PROVIDED MATERIAL —
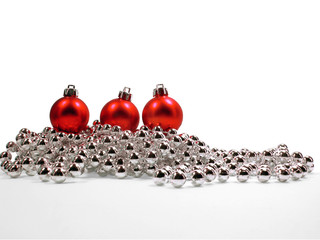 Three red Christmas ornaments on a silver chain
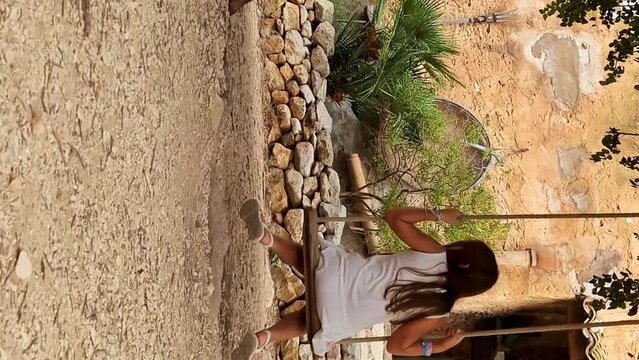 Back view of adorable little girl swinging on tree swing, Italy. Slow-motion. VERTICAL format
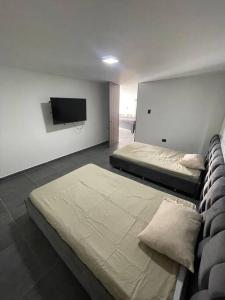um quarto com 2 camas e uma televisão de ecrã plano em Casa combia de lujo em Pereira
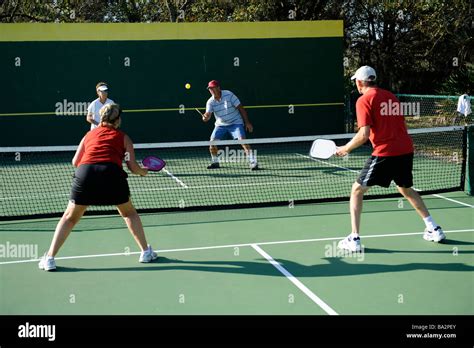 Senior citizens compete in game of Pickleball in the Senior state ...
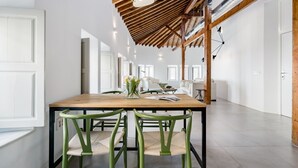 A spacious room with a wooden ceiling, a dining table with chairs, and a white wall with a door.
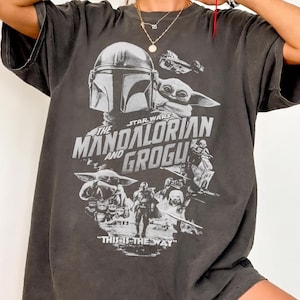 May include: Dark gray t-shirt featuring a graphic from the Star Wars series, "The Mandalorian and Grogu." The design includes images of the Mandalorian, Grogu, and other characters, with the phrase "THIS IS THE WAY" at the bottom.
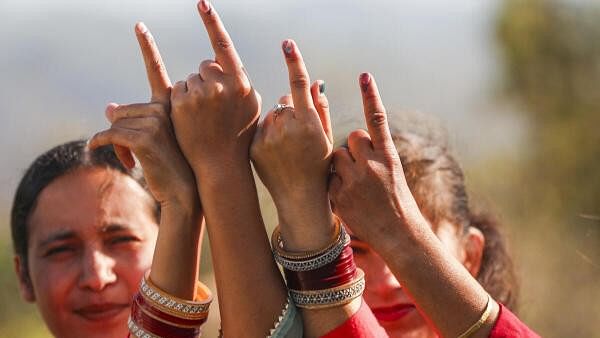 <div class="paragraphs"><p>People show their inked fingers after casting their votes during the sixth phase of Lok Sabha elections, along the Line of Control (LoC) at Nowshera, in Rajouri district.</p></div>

...

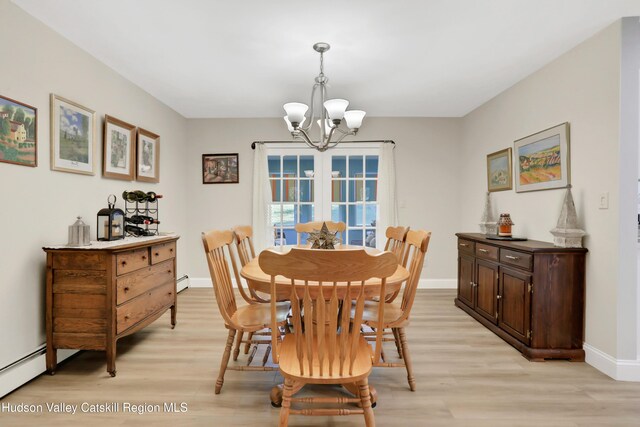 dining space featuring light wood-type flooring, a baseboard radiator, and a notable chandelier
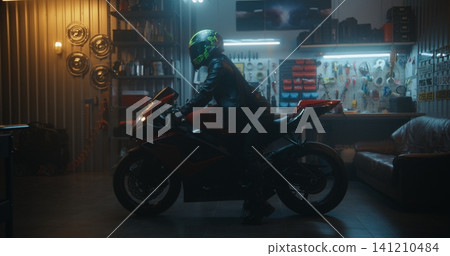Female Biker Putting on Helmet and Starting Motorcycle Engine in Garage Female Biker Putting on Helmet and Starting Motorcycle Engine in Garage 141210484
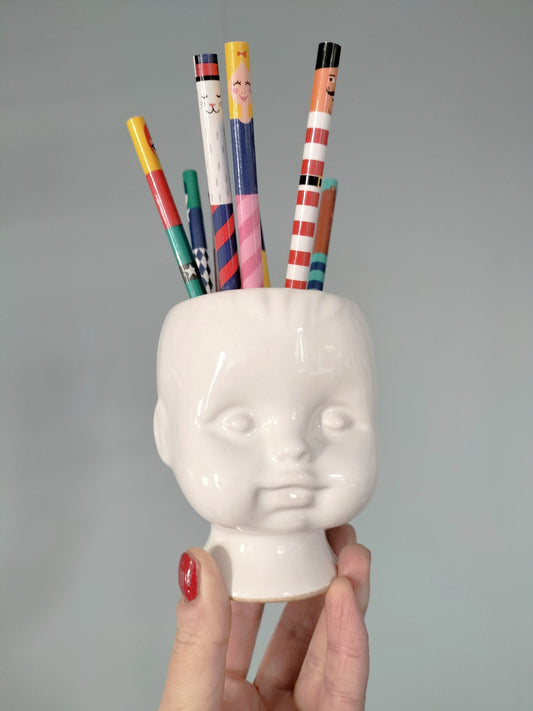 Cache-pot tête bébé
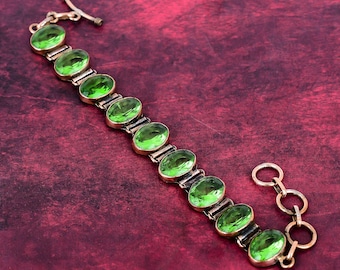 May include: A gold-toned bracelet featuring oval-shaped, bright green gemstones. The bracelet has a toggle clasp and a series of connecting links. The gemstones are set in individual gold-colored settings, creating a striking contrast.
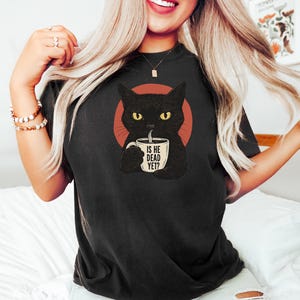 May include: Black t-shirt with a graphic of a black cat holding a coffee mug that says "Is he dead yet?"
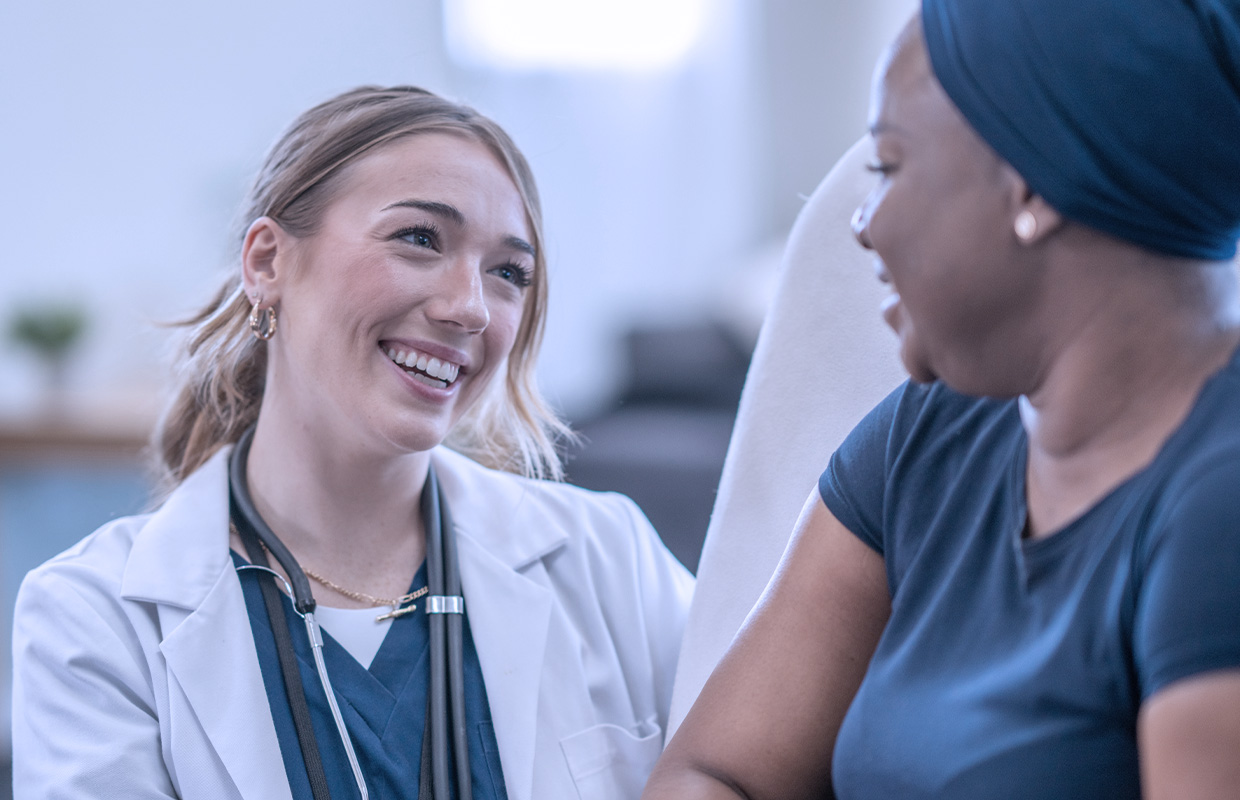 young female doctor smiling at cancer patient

---

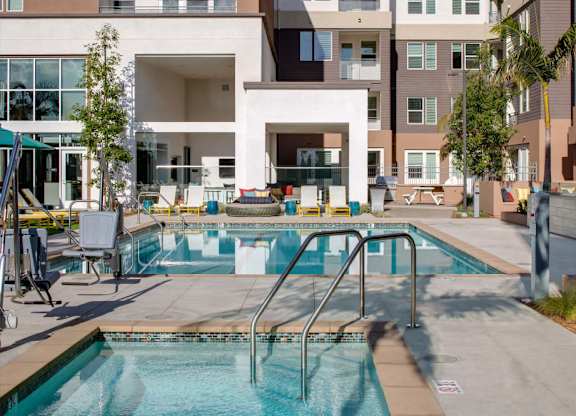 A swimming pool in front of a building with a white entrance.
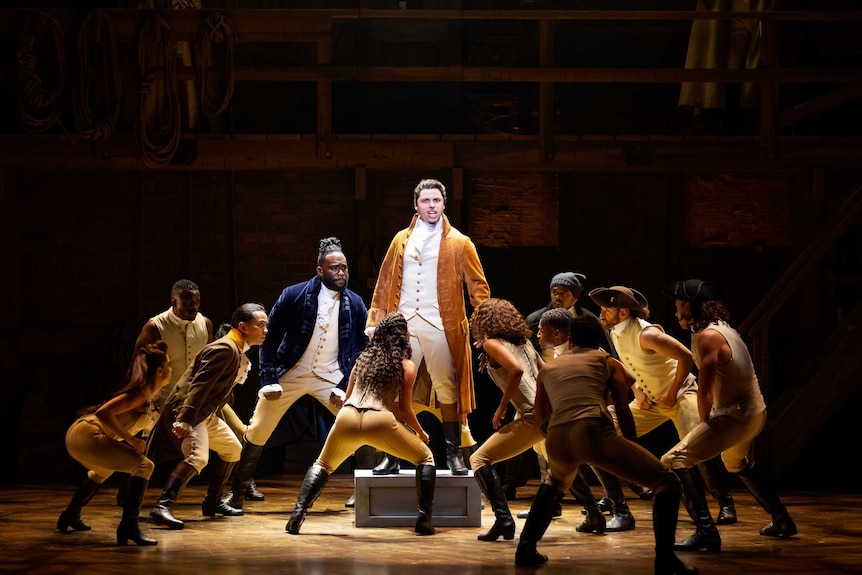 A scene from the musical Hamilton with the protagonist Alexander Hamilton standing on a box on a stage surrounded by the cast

EXERCISE PROMPT —
Everything between and including the line above containing "May include: Black" and the line containing "young female doctor" should be reproduced exactly, with pictures excluded.

EXERCISE RESULT —
 May include: Black t-shirt with a graphic of a black cat holding a coffee mug that says "Is he dead yet?"
 young female doctor smiling at cancer patient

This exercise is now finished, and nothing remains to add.